The Wehrmacht exhibition 1995-1999 and 2001-2004 dispelled the myth of the “clean Wehrmacht”, by shining the spotlight on the previously taboo massacres and involvement in the war of extermination. The rehabilitation of deserters first took place in 2009; a memorial to deserters was erected in Vienna in 2014.

The victim/perpetrator discourse and the Austrian resistance – relevance today

The replacement of the victim discourse with the perpetrator discourse pushes the small but for this very reason significant resistance out of sight again. We are aiming to correct this through this symposium.

An anti-fascist policy that seeks to achieve majorities is not served with bold simplifications. It requires a differentiated picture of society and its history. Above all, it must build on progressive traditions.

There is widespread moral outrage in liberal circles, even among parts of the conservative public and in the media concerning the continuity of National Socialism via right-wing extremism, anti-Semitism and German nationalism (less over misogyny and racism!) in the ranks and the context of the FPÖ.

The FPÖ is a party that sits on the Austrian National Council and in government. Its representatives feel that they belong to the German nation, however. There is, therefore, a party sitting on the National Council and in government that rejects Austria as an independent nation.
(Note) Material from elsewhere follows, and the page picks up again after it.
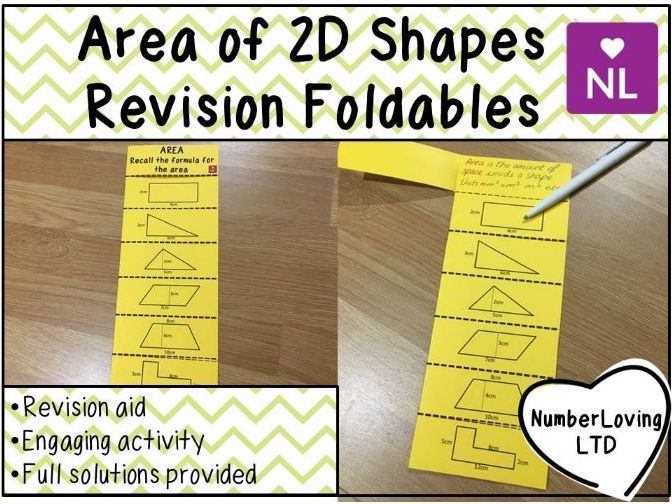area of 2d shapes foldable by numberloving teaching resources tes
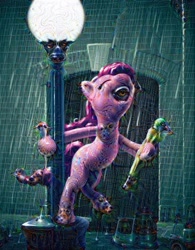 Size: 640x822 | Tagged: source needed, safe, artist:giantmosquito, character:pinkie pie, deepdream, female, lamppost, rain, singing in the rain, solo, surreal, umbrella, wat, wet mane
When it comes to the repression of history and the Holocaust, the same applies to the discourse of relativisation as in Elfriede Jelinek’s novel “Kinder der Toten” [“Children of the Dead”] – the repressed returns as something sinister. The fact that, at first, participation in the Nazi crimes was suppressed and then, during the reappraisal, the causes were not reviewed either but only the effects, does not dispel the trauma.

On one hand, it therefore requires a link to policies that prevent a resurgence of fascism. On the other hand, reflecting on history never entails a pure view of the past but rather the concomitant analysis and interpretation for today and the future as well.

In shaping this future – and scientists are just as responsible here as journalists, artists, politicians and other intellectuals – we need alliances and cooperations.


[1] “Austria is reminded, however, that she has a responsibility, which she cannot evade, for participation in the war on the side of Hitlerite Germany, and that in the final settlement account will inevitably be taken of her own contribution to her liberation.”